Exercise directions → Look through the material beneath and copy each line with the word "Group".

Records for this exercise →
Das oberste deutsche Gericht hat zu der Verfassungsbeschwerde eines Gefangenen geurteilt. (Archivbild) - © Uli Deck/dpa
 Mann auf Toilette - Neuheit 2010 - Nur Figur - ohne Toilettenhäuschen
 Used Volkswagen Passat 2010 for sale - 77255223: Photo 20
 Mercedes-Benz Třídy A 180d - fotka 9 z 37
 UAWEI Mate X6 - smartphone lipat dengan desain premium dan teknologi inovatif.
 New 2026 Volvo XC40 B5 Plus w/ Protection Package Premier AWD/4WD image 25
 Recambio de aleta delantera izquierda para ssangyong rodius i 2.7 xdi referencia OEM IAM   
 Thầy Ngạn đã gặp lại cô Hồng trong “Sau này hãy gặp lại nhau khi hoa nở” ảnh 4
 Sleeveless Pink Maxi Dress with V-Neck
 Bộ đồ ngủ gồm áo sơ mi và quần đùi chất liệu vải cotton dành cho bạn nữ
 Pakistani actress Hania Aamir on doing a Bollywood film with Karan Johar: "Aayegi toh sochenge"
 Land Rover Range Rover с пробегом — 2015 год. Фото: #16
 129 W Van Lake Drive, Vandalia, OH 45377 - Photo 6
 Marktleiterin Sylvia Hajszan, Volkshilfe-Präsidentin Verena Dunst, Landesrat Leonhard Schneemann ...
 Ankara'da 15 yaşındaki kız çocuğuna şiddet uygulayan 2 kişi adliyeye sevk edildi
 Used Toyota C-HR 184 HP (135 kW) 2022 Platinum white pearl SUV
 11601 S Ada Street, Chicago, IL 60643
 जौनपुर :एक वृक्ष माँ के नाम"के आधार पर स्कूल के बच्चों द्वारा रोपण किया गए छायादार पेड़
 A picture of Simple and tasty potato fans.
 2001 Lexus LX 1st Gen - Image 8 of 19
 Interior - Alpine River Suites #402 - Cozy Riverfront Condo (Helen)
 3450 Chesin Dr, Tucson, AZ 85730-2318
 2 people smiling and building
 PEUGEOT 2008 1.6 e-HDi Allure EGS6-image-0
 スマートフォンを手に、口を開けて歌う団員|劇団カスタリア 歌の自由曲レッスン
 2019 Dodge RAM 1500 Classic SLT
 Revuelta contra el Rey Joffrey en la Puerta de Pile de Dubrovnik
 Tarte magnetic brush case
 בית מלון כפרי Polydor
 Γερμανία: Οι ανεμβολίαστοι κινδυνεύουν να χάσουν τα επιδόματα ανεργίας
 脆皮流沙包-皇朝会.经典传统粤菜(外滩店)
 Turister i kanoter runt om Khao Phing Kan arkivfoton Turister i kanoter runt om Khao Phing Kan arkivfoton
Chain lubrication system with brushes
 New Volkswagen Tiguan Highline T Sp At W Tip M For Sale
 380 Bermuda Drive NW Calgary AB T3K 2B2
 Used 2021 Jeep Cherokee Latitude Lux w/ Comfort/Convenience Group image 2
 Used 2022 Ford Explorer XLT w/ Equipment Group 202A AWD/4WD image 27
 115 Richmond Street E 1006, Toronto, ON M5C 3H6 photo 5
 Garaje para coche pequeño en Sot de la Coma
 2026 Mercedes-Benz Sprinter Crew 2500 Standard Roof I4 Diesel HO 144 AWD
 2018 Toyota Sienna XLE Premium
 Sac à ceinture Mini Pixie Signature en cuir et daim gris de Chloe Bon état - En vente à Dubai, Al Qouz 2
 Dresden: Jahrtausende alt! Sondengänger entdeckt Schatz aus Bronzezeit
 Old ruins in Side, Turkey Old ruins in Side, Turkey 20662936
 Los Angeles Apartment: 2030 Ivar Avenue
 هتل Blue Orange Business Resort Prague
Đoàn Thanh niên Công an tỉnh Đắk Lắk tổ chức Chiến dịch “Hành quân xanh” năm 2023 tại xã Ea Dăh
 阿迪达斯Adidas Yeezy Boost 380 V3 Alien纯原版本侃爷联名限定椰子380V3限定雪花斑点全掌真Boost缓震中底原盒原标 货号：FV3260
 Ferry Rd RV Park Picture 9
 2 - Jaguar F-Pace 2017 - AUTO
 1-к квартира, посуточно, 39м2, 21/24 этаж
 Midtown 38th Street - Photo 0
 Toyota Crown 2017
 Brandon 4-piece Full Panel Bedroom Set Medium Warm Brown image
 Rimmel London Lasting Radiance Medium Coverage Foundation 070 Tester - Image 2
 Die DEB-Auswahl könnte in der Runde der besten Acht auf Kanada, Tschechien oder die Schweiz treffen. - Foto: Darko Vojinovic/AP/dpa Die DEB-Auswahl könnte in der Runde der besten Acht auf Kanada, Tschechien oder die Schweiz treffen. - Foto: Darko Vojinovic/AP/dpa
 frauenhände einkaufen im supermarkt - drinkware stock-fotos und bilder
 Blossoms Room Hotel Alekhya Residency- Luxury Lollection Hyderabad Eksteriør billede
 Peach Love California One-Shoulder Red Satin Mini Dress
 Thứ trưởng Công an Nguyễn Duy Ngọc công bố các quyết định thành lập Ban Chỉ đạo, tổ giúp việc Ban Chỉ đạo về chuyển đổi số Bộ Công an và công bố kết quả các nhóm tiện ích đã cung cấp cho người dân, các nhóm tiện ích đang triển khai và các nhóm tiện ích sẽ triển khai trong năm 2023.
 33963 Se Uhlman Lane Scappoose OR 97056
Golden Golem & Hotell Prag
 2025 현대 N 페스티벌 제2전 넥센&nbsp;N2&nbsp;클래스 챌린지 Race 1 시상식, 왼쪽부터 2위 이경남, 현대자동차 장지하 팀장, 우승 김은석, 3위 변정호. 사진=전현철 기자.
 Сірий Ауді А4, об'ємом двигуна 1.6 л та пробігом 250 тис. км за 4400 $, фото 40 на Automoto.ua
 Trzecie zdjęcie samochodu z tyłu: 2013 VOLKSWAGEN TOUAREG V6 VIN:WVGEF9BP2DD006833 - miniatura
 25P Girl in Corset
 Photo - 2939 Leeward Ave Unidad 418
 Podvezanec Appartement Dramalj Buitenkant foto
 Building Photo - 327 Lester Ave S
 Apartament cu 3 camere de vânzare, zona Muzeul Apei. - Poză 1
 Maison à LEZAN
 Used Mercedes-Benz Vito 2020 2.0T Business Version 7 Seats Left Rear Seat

Output of the exercise →
 Used 2021 Jeep Cherokee Latitude Lux w/ Comfort/Convenience Group image 2
 Used 2022 Ford Explorer XLT w/ Equipment Group 202A AWD/4WD image 27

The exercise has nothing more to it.